# R W "Bob" Loveless passed away



## marknga (Sep 29, 2010)

This may be in the wrong section but I thought it would get the most appreciated attention here. 
One of my dream knives is to one day own a "Loveless"

RIP Sir
___________________________________________________________________________________________________
R.W. 'BOB' LOVELESS, 81 
R.W. 'Bob' Loveless, maker of exquisitely crafted sporting knives, dies at 81

R.W. Loveless once groused that his knives had become collector's items. "I make 'em to be used," he said. (Blade Magazine) 


By Valerie J. Nelson
Wednesday, September 15, 2010 

R.W. "Bob" Loveless, who made some of the world's most coveted sporting cutlery by refining knife design to high art, died Sept. 2 of lung cancer at his home in Riverside, Calif. He was 81. 

To many hunters, collectors and fellow bladesmen, Mr. Loveless crafted the best handmade knives in the modern world. He was known for fixed-blade knives with unsurpassed workmanship. 

"He is pretty much the Picasso of the knife world and the father of 20th century knifemaking," said John Denton, an authority on Loveless knives. "His design is what made him famous." 

In 1953, Mr. Loveless was a seaman on furlough when he tried to buy a blade by master knifemaker W.D. "Bo" Randall at sporting outfitter Abercrombie & Fitch. Told there was a nine-month waiting list, Mr. Loveless later said he thought, "It can't be so hard," and decided to make his own. 

Returning to his ship, he created his first knife from the steel spring of a 1930s Packard automobile, forging the blade on a galley stove. 

He sold his first knives for $14 apiece to Abercrombie & Fitch in 1954. When Mr. Loveless died, he was selling his knives for $5,000 to $20,000, said Edmund Davidson, a Virginia knifemaker. 

Mr. Loveless's most popular blade was a widely imitated drop-point hunting knife, "a modern-day classic which many consider the most attractive knife design of all time," American Handgunner magazine said in 2006. 

He liked to say his knives were aimed at "the working man," but their beauty and craftsmanship made them highly collectible, Denton said. A major dealer of Loveless knives, Denton once sold one for $50,000 that resold three years later for $150,000. 
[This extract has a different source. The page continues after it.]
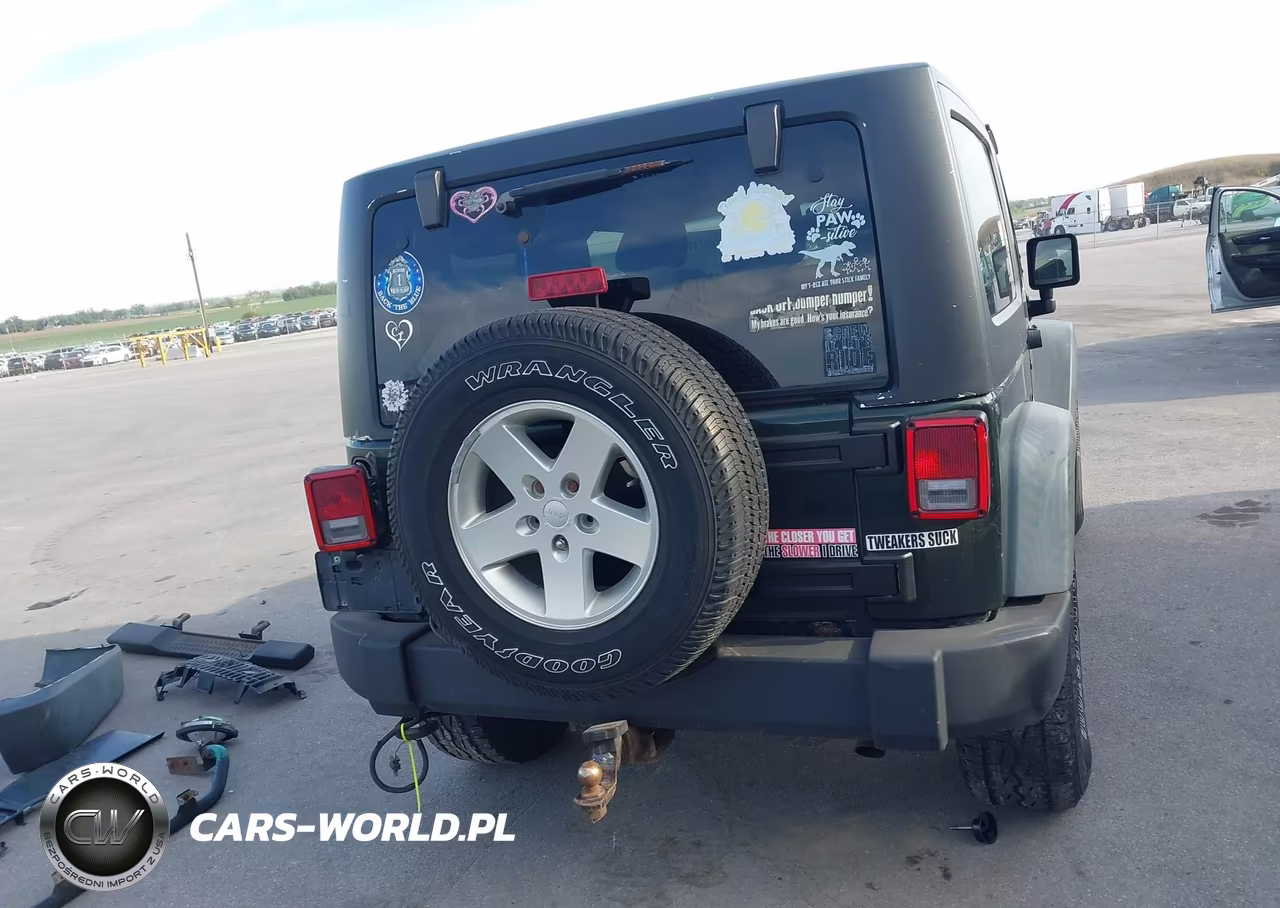 2011 Jeep Wrangler Sport VIN:1J4AA2D18BL570128 - 17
"A knife is a tool, and I make 'em to be used," Mr. Loveless groused to the Los Angeles Times in 1981. "It burns me up that most of them wind up in velvet boxes and display cases, priced so high your average deer hunter or cowboy can't afford 'em." 

Robert Waldorf Loveless was born Jan. 2, 1929, in Warren, Ohio. At 15, he doctored his birth certificate and joined the merchant marine during World War II. The knife fights he witnessed in foreign ports intensified his interest in the weapon, according to Sports Illustrated. 

In the early 1950s, he studied at the Institute of Design in Chicago but left after a few months. One lesson from the Bauhaus movement seemed to stay with him: Form follows function. 

Back in Ohio, he attended Kent State but soon dropped out to work on a tanker, where he became familiar with Randall knives. 

Once Abercrombie & Fitch started buying his tools, Mr. Loveless settled in Delaware before moving to California in 1959. The next year, he began working in machine shops while making knives on the side in his garage. 

By the late 1960s, he owned enough machinery to craft knives full time. He was the first to use the corrosion-resistant steel that became the industry standard, said Davidson, a board member of the Knifemakers' Guild, an industry organization Mr. Loveless helped found in 1970. 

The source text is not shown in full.